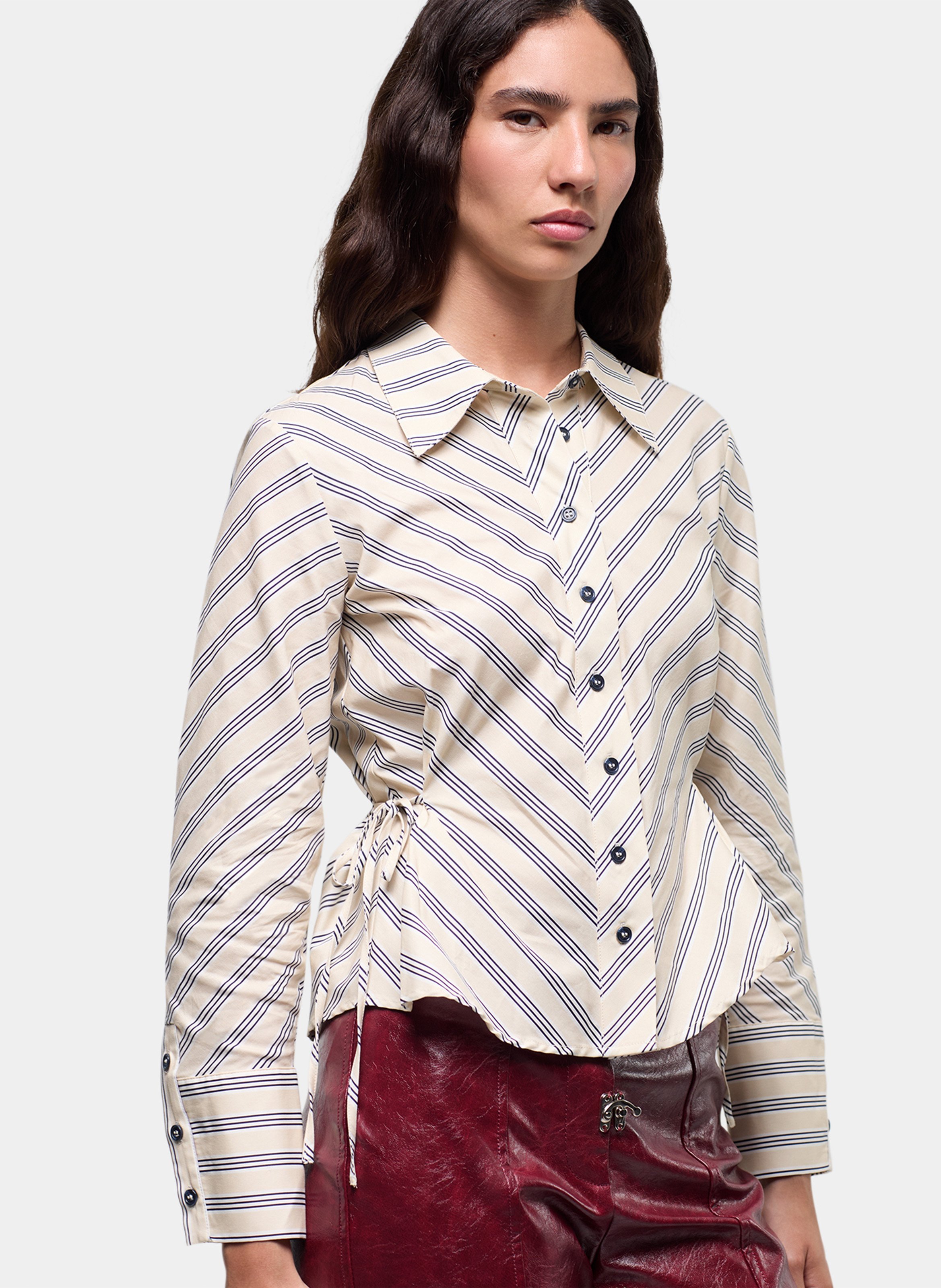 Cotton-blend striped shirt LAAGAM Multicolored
* * * * * * * * *
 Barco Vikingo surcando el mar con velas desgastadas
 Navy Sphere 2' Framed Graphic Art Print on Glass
* * * * * * * * *
## EXERCISE DIRECTIONS
Which lines run from the one holding "Barco Vikingo surcando" through the one holding "Navy Sphere 2'" in the records above? Repeat them exactly, both included, and nothing more.

## EXERCISE RESULT
 Barco Vikingo surcando el mar con velas desgastadas
 Navy Sphere 2' Framed Graphic Art Print on Glass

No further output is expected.